Micah got excited. “And?”
“Nothing but forest as far as I can see. That giant stag is roaming through the trees. It’s honestly kind of creepy,” he said but his face looked more excited than afraid. “I’m pretty sure the gap leads to another area.”
“Oh.” So this had been a waste of time after all? He hoped the others wouldn’t say, ‘I told you so’.

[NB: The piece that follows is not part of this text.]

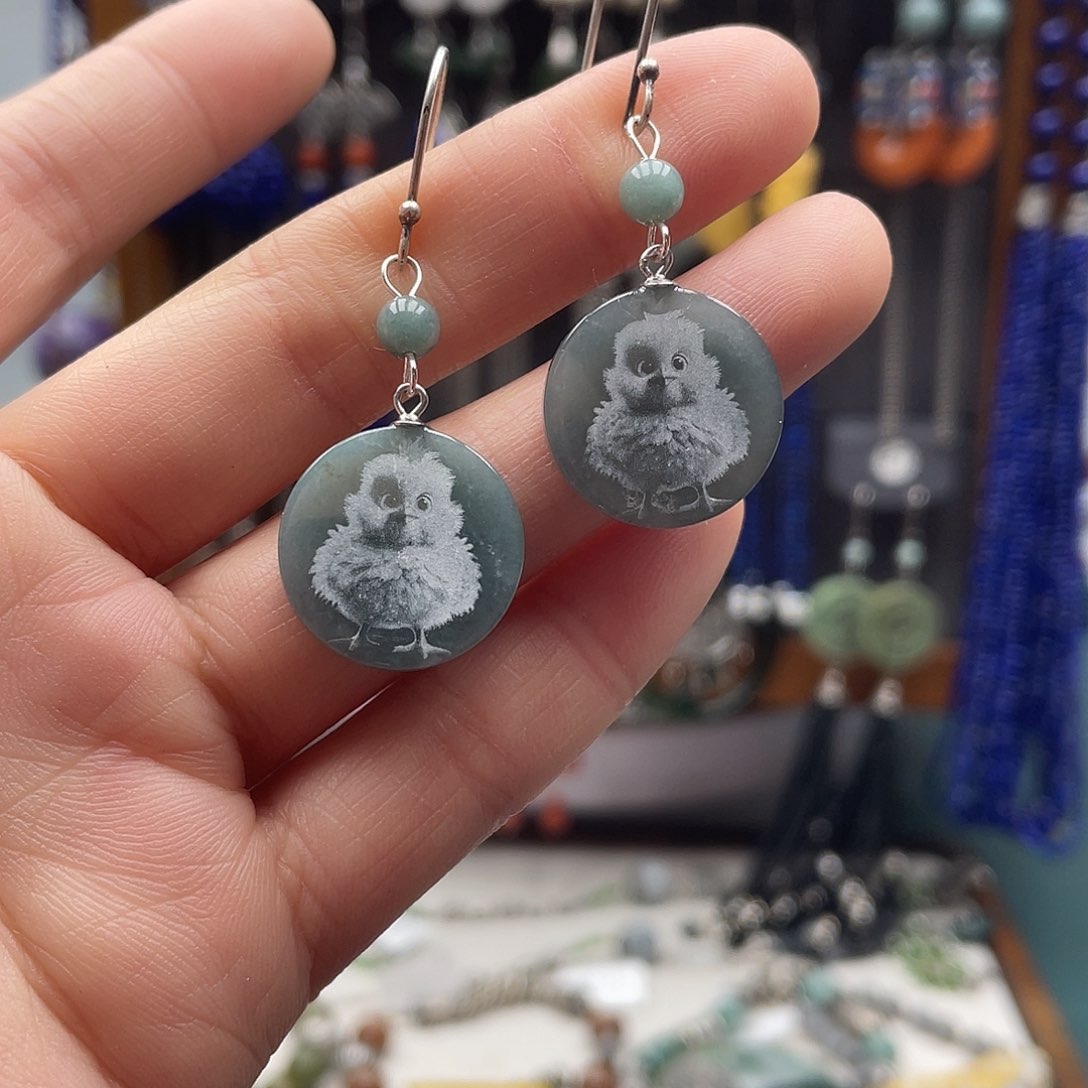 翡翠耳饰银S925镶嵌饰品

But, Micah had split off for another reason, too. “And the Anne thing?”
Ryan sighed. “I was going to say, I would have to sit down to meditate. It might take a while. Maybe … if we take a short break later, you can bring it up?”
‘You’.
“Got it. Thank you, Ryan.”
He was aware the two might not get along so well, still—even if he didn’t understand why—so he was grateful he was willing to give it a try, but maybe it would be better for them both if he just let it drop.
There were enough other things to be happy about anyway.